Carioca, filha de uma montadora de cinema e um pintor, a arte sempre esteve em evidência na vida de Claudia. Com a morte da mãe, começou a fazer figuração em tramas como Dancin' Days, de 1978. Até que a repercussão de sua estreia no longa-metragem Amor e Traição, de 1979, a levou de fato para a TV, onde estreou na série Obrigado Doutor, de 1981. Ao longo das duas décadas seguintes, teve destaque em tramas como Tieta (1989), Rainha da Sucata (1990) e A Próxima Vítima (1995). "Entre sucessos, personagens grandes e pequenos, criei uma relação muito gostosa com a TV. Tenho ficado meio distante de vez em quando. Mas, quando aparecem papéis interessantes como a Laura, fica impossível dizer 'não'", valorizou a atriz, que, ainda este ano, lança seu primeiro projeto como diretora, estará na versão teatral de Se Eu Fosse Você... e em Psi, nova série do canal por assinatura HBO.
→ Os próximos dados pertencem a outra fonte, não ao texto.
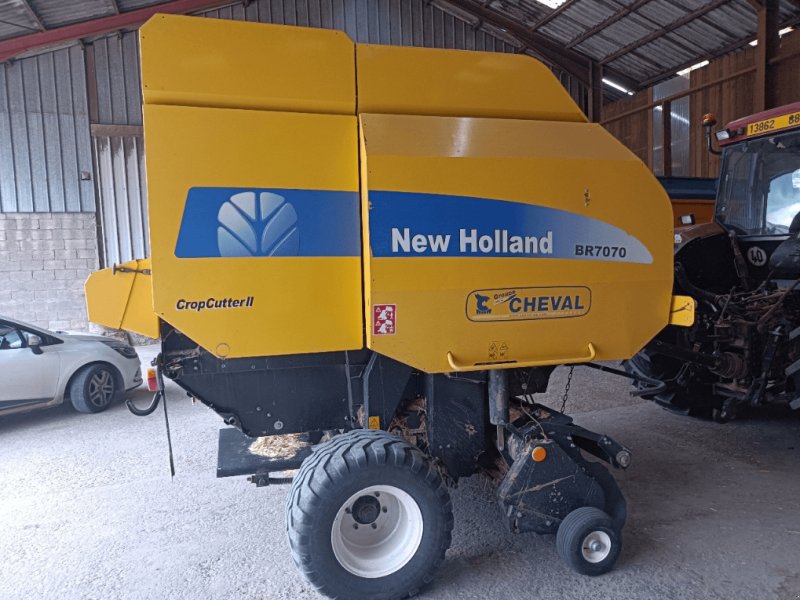 Rundballenpresse des Typs New Holland Br7070 crop cutter, Gebrauchtmaschine in Einvaux (Bild 1)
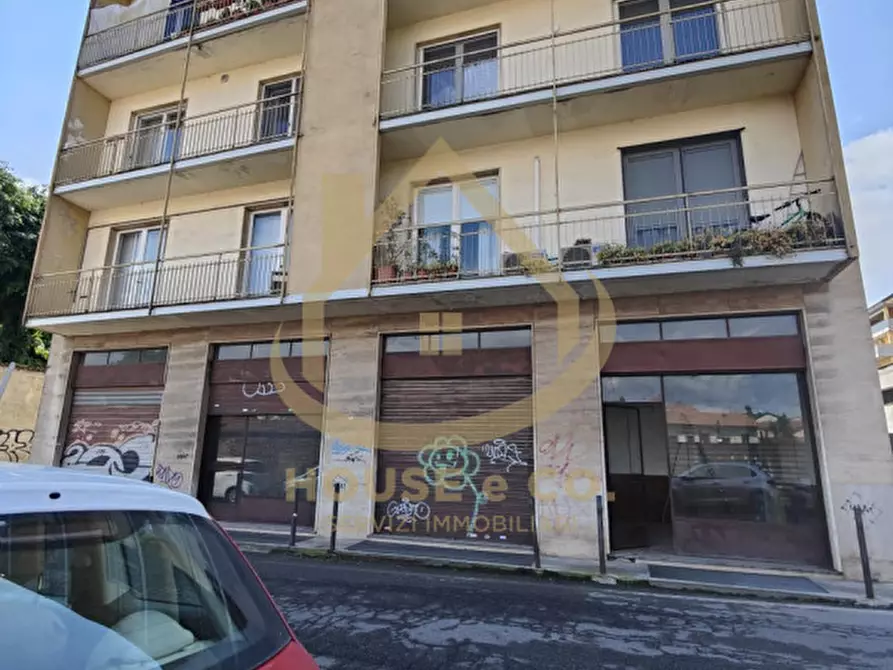 Immagine 33 di Negozio in vendita  in Via Rossini a Vigevano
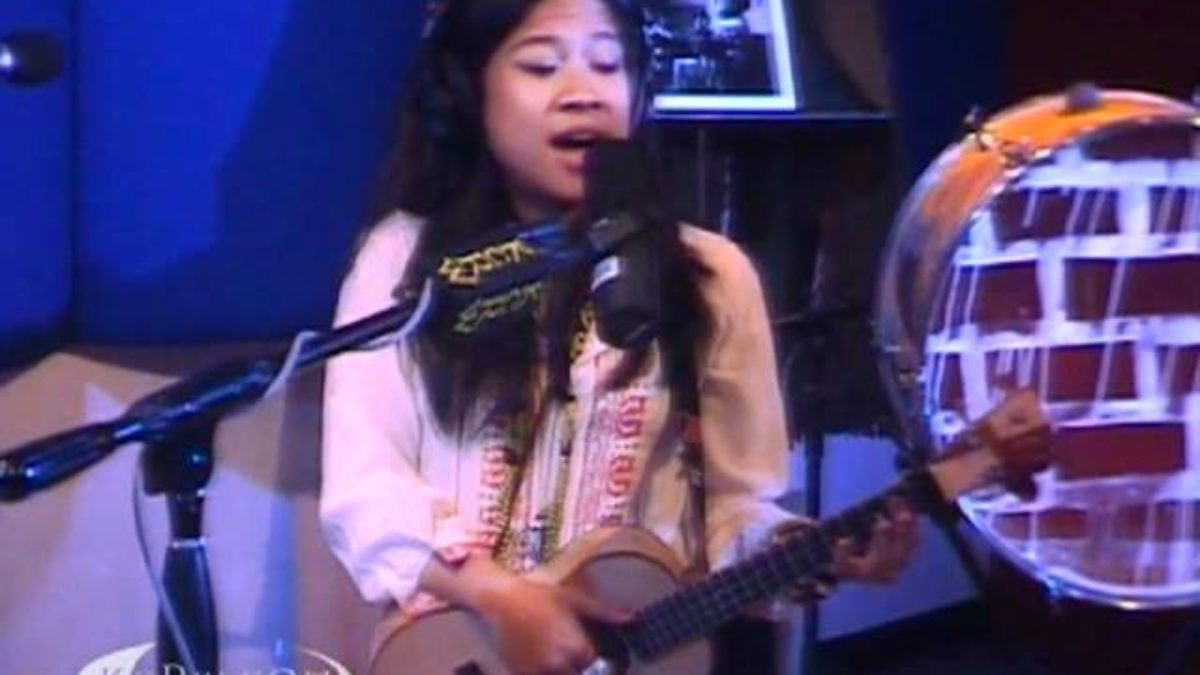 Zee Avi performing "The Book Of Morris Johnson" on KCRW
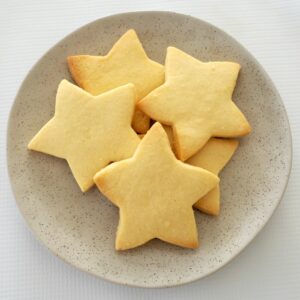 5 pieces of Shortbread on a speckled plate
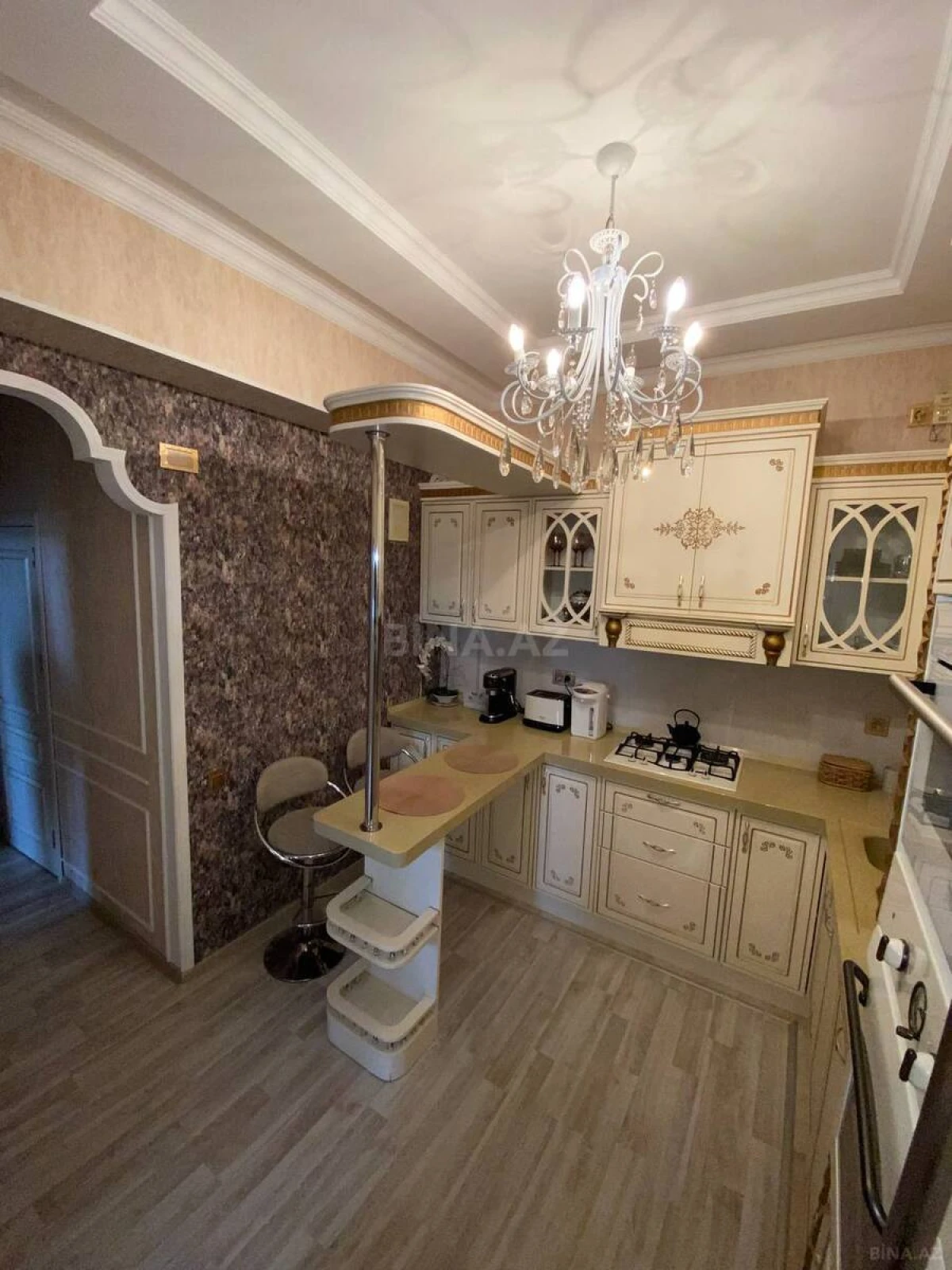 Satılır 3 otaqlı mənzil 93 m²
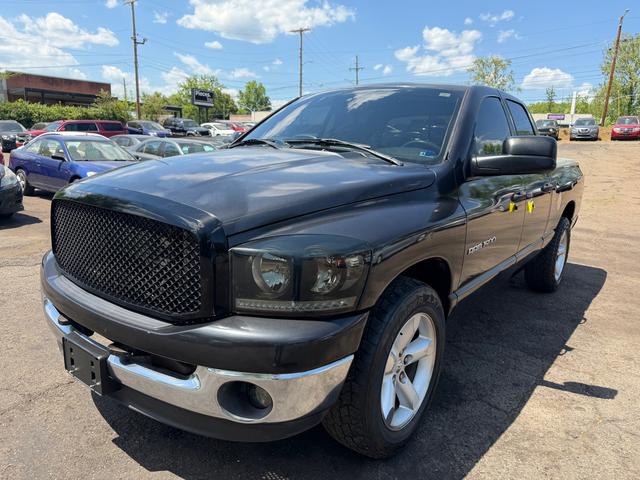 Gray 2007 Dodge RAM 1500 SLT Quad Cab RWD Pickup Truck Rear-Wheel Drive Automatic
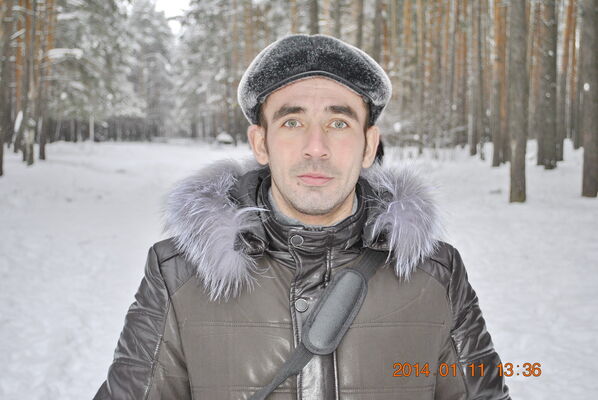  ,   Yurij, 40 ,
TVPress – Em Joia Rara, Laura representa a típica mulher submissa ao marido dos anos 1940. Mas, aos poucos, ela questiona sua própria postura. Essa força da personagem a instigou a participar da novela?
Claudia Ohana – Laura tem uma força mais internalizada. Ser mulher naquela época não era uma coisa tão fácil (risos). Acho que o casal formado por ela e pelo personagem do Leopoldo Pacheco é muito fiel ao que era um casamento dentro do contexto da classe média daquele período. A gente nem precisa fantasiar demais para chegar até eles. O que leva minha atuação por um caminho bem intuitivo e natural. Durante muitos capítulos, minha principal referência era a fragilidade dela. Aos poucos, isso foi mudando e a personagem ganhou outros contornos, enfrentando a família e envolvendo-se com causas sociais. No entanto, continuo tentando fazê-la da forma mais doce possível.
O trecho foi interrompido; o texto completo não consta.